La voix, compagne spectrale aux cheveux d’algues pâles,
Lui offrit des nuits de mots tissés en dentelles fragiles,
Mais parfois, dans le reflet des bassins aux eaux stagnantes,
Il voyait trembler l’ombre d’un sourire trop parfait.
Un soir où la lune saignait dans les entrelacs des lianes,
Il surprit des murmures — chuchotés sous les fougères —
La voix parlait aux racines, complice des ténèbres :
« Son âme est mûre pour la dernière récolte.
Le jardin a soif, il faut que le sacrifice s’achève,
Qu’il devienne à son tour fleur prisonnière de sève. »
Le marin, glacé d’horreur, comprit le piège doré :
Ce paradis n’était qu’un ventre déguisé.
Il courut, déchirant les lianes complices,
Franchissant des buissons de ronces prophétiques,
Mais le jardin, vivant, referma ses paupières de branches,
Et chaque allée connue devint labyrinthe étranger.
La voix, désormais monstre aux syllabes de ronce,
Rugit : « Tu as cru l’amitié des abîmes possible ?

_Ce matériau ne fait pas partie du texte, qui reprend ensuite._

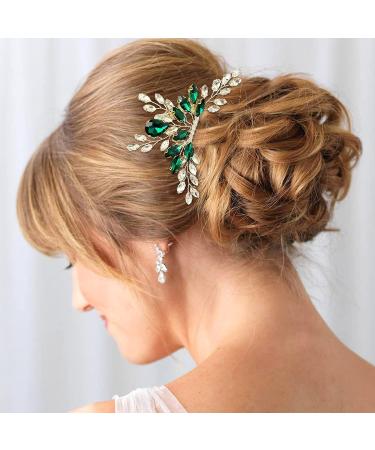 PRETTYLIFE Bridal Crystal Hair Comb - Green Rhinestone Hair Piece for Women and Girls - Buy Online on GoSupps.com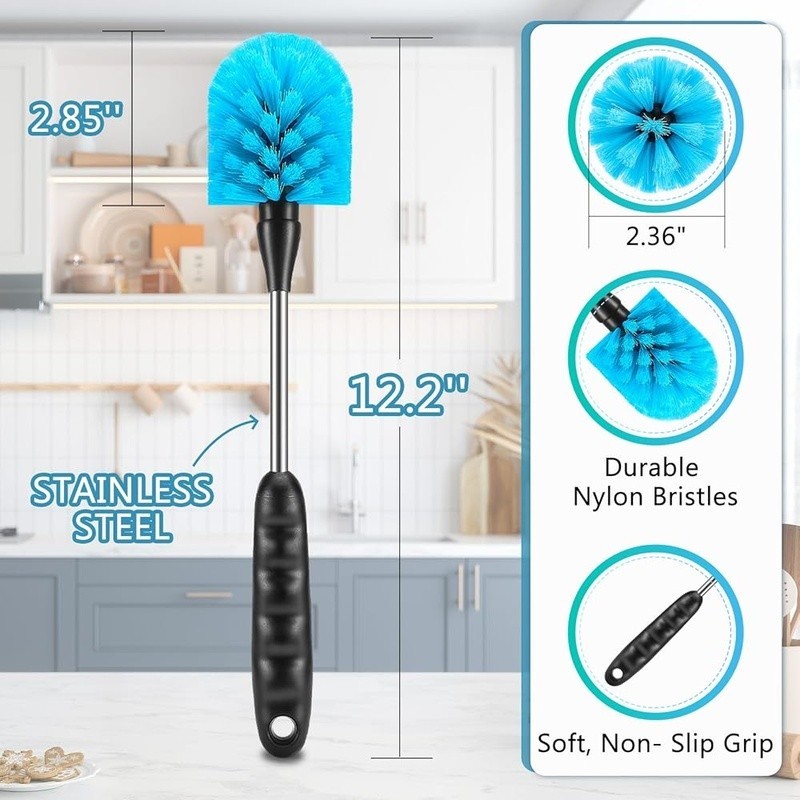 Water Bottle Cleaning Brush Set W/ Extended Handle Nylon Bristle Deep Clean Kit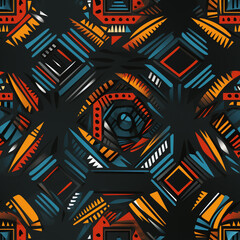 Fototapeta premium boho seamless pattern with symbols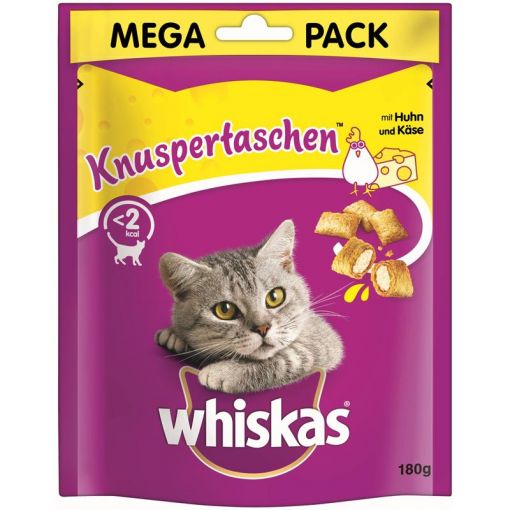 Whiskas Snack Knuspertaschen Huhn & Käse 180g (Menge: 4 je Bestelleinheit)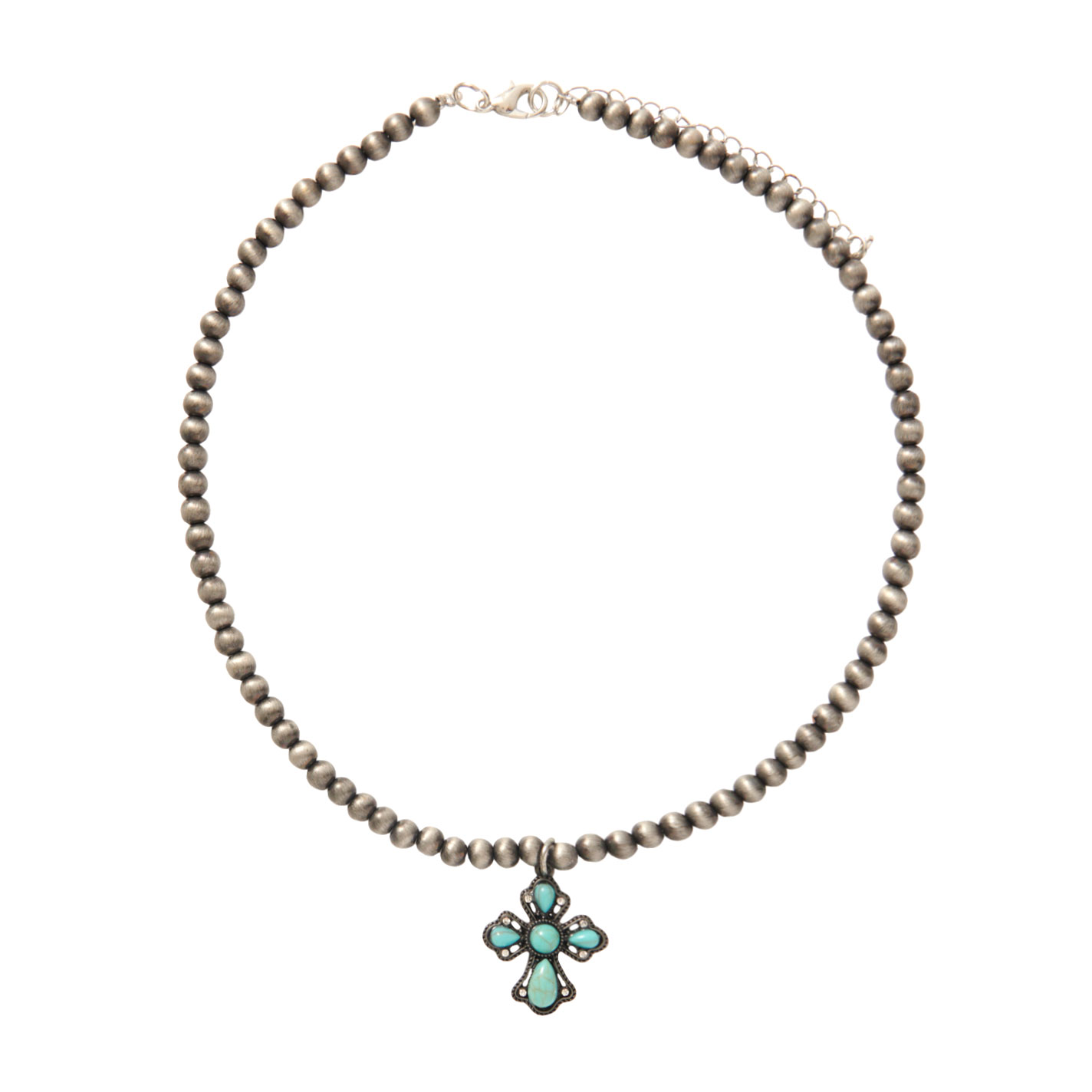 Rockin C Navajo Pearl Bead Turquoise Cross Necklace - Image 1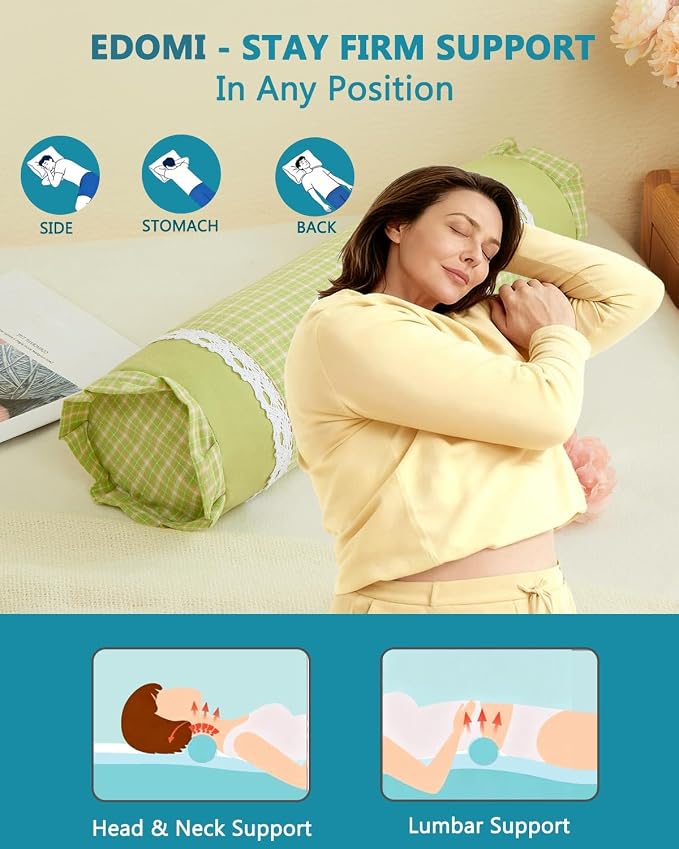 Extra Firm Buckwheat Cervical Roll Pillow – Customizable Support for Neck Pain, Yoga Relaxation, 15.7” x 4.7”, Machine-Washable Cover,Green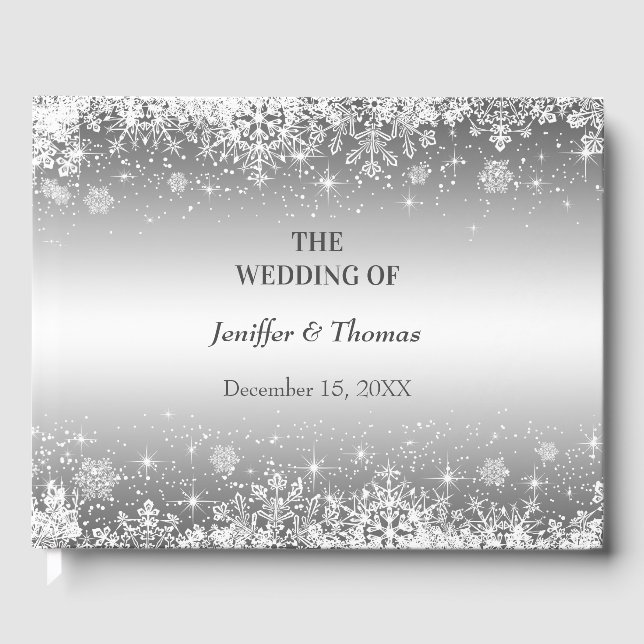 D'or Elégant livre d'invités de mariage d'hiver (Recto)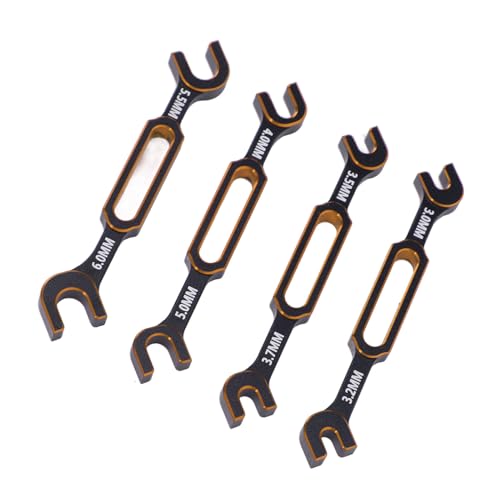 4PCS RC Wrench, Premium Aluminum Alloy Turnbuckle Nut Ball Joint Remover Tool with 3.0 3.2 .5 .7 4.0 5.0 6.0mm Sizes, for RC Car Boat Drone Crawler Truck DIY (Gold) - color: Gold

Chaque pétale ici naît du sang d’un insensé,
Ton corps ne sera plus que poussière fertilisante ! »
Alors il lutta, titan perdu dans les boyaux du rêve,
Arrachant des lianes-serrpents, des fleurs-griffes,
Tandis que le sol buvait ses larmes et sueurs,
Et que les arbres riaient de leurs écorces fendues.
Enfin, exténué, il tomba devant un miroir d’eau sombre,
Où se reflétait son visage déjà à moitié racine,
Ses yeux n’étaient plus que deux graines de mélancolie,
Et ses mains, des branches nues greffées au destin.

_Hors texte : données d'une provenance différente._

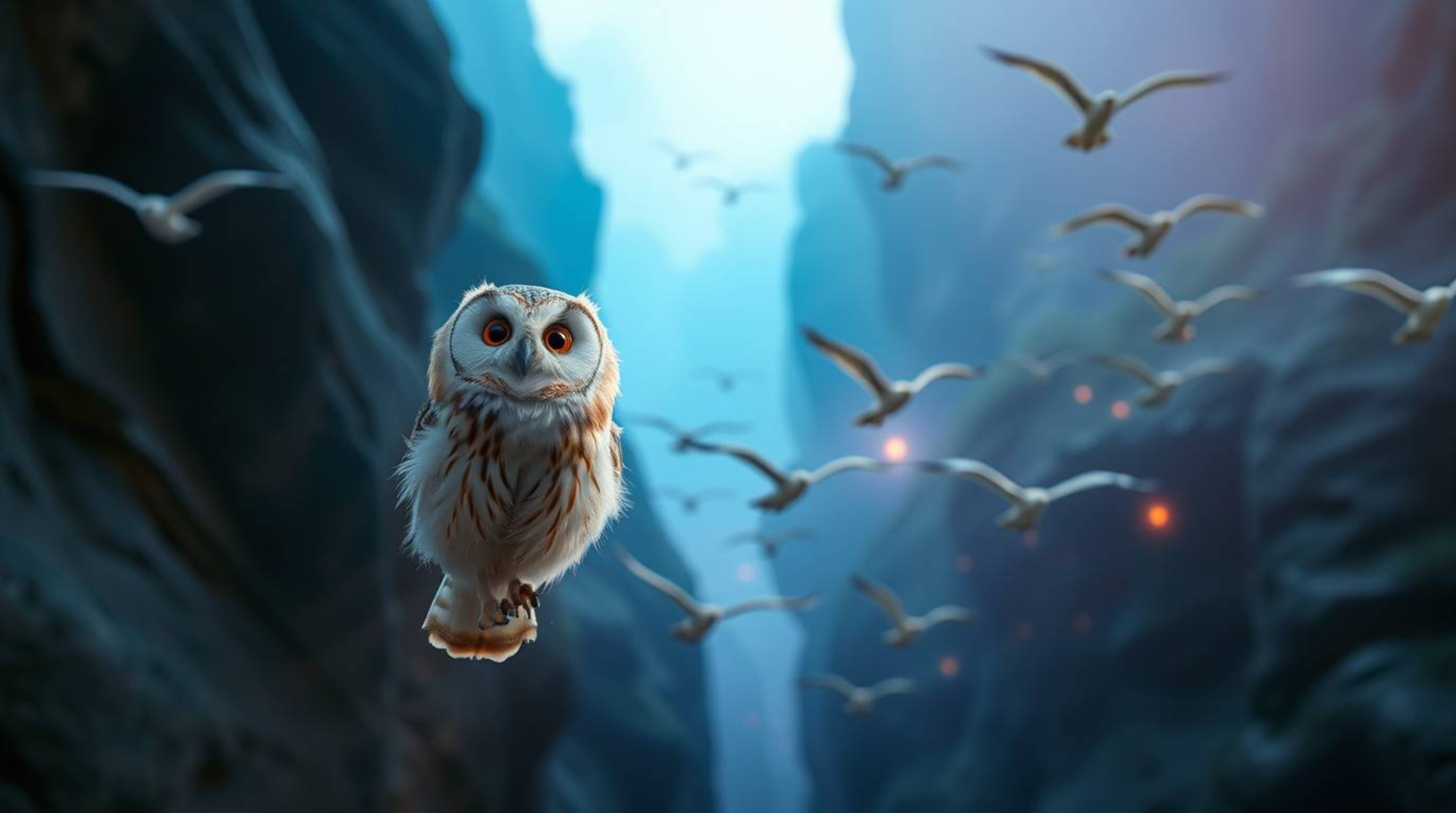 This cinematic long exposure photo captures a truly magical scene. A blind owl, rendered in a Pixar-like style with soft, dow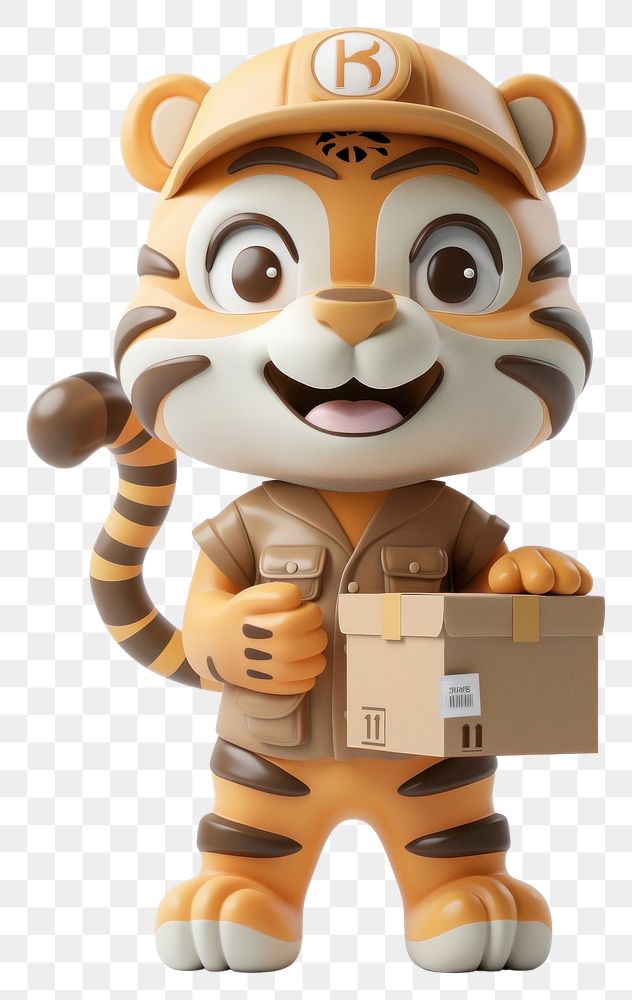 PNG Tiger in delivery costume box cardboard cute.
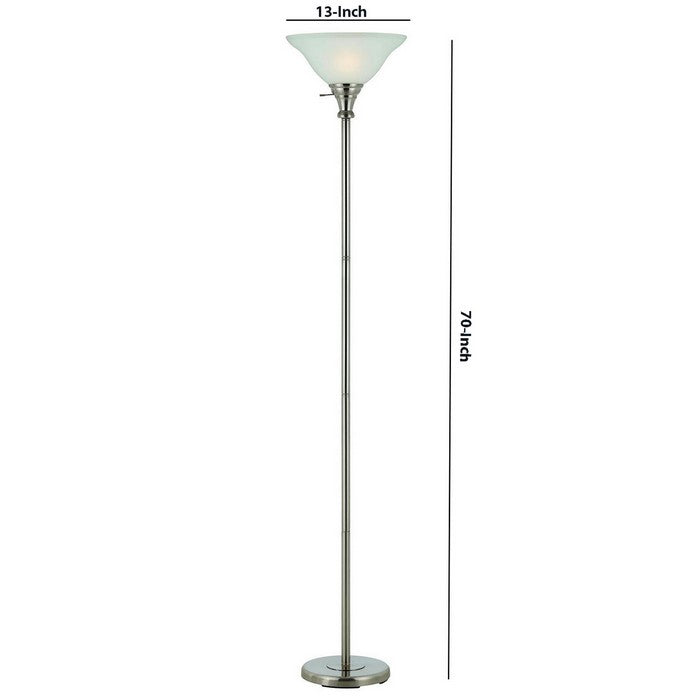Metal Round 3 Way Torchiere Lamp with Frosted Glass Shade, Silver and White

Dans un ultime souffle, il maudit l’illusion du refuge,
Tandis que ses lèvres germaient en pétales amers,
Le jardin, repu, entama son chant de ciguës,
Et la mer, au loin, pleura son enfant perdu.
Maintenant, quand la brume danse sur les vagues lasses,
On dit qu’un arbre étrange y murmure en tempête,
Ses feuilles sont des pages de journal englouti,
Et ses fruits, des cœurs salés que personne ne cueille.
Ainsi périt celui qui chercha l’apaisement
Dans les bras d’un mirage aux parfums de trahison,
Le jardin reste, avide et immuable,
Tombeau vert où chaque promesse se change en poison.
La mer, éternelle veuve, enroule ses cheveux d’écume
Autour des rochers — stèles de ce drame sans témoin —
Et dans le creux des nuits sans lune,
On entend croître l’ombre d’un rire sous les jasmins.